Second, Dante is a very effective visual poet. As Eliot also noticed, his characters are often defined by their gaze — most memorably, in Purgatorio 6, we see the 13th century troubadour Sordello watching Virgil and Dante like a couchant lion on guard. No need to know the meaning of “couchant” in medieval heraldry to visualize the scene and feel the tension! Similarly, one does not need to be familiar with the palio del drappo verde, a famous horse race in Verona, to perceive the painful irony in Inferno 15: Dante’s beloved professor, Brunetto Latini, is tortured forever in Hell as a sodomite. The reason why he keeps running so fast in the desert is the burning sand under his feet. However, he may look, at first sight, like a running champion, one of those who wins the green cloth, not one who loses.

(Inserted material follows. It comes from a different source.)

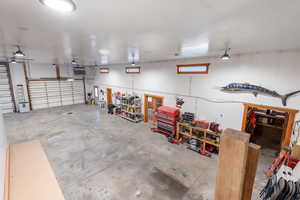 Alternate view from stairs leading to loft displaying workshop area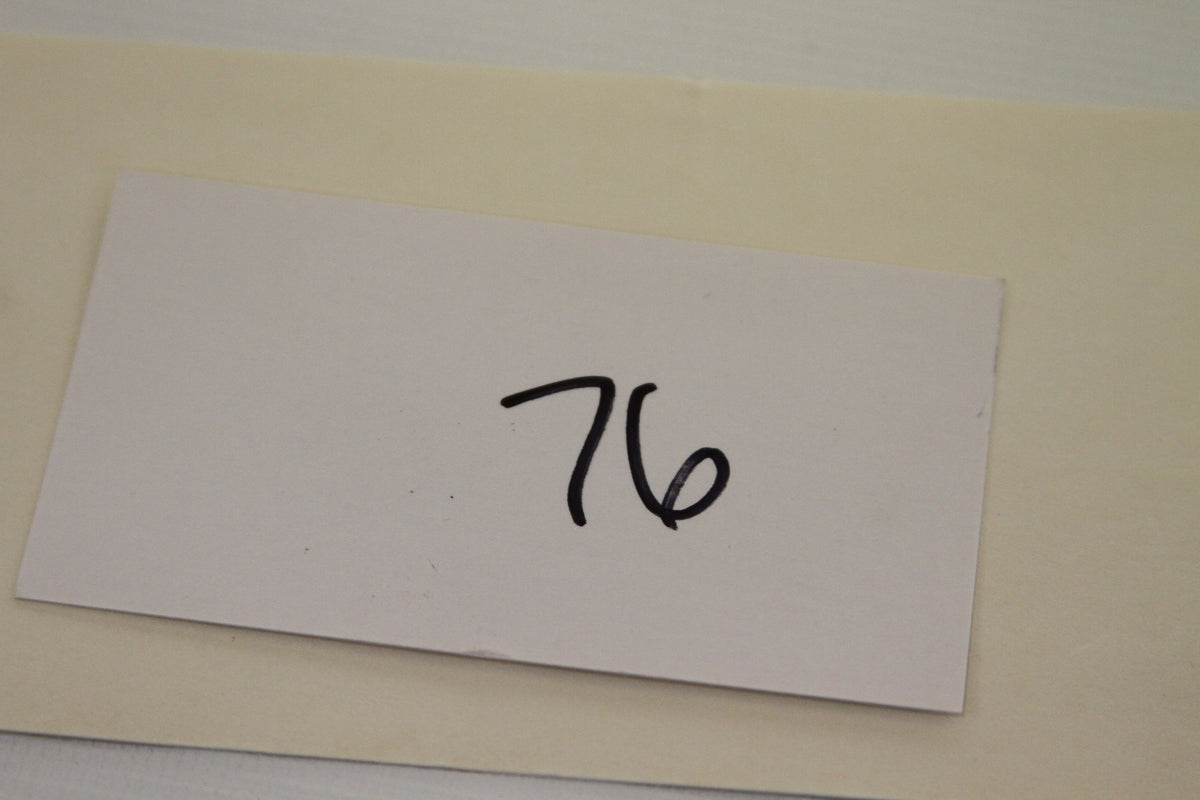 Handwritten number 76 on white card from product lot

Finally, Dante is an endless source of inspiration for visual artists, from manuscript illuminators and book illustrators to filmmakers. From Sandro Botticelli to Kara Walker, artists have interpreted and transformed the Divine Comedy according to their own personal language, memories, and perspective on life and society.

The exhibition is organized by gallery, first to provide a history of the Dante collection at Cornell, and next to communicate Dante’s cultural significance, while acknowledging political issues related to his iconic status across seven centuries. Continuing onward, an understanding of medieval theories of vision situates Dante in his own time while setting the stage for subsequent illustrators’ and artists’ encounters with the Divine Comedy from the Renaissance in Europe up until the present day.

We hope you will enjoy the exhibition and form your own “Visions of Dante”!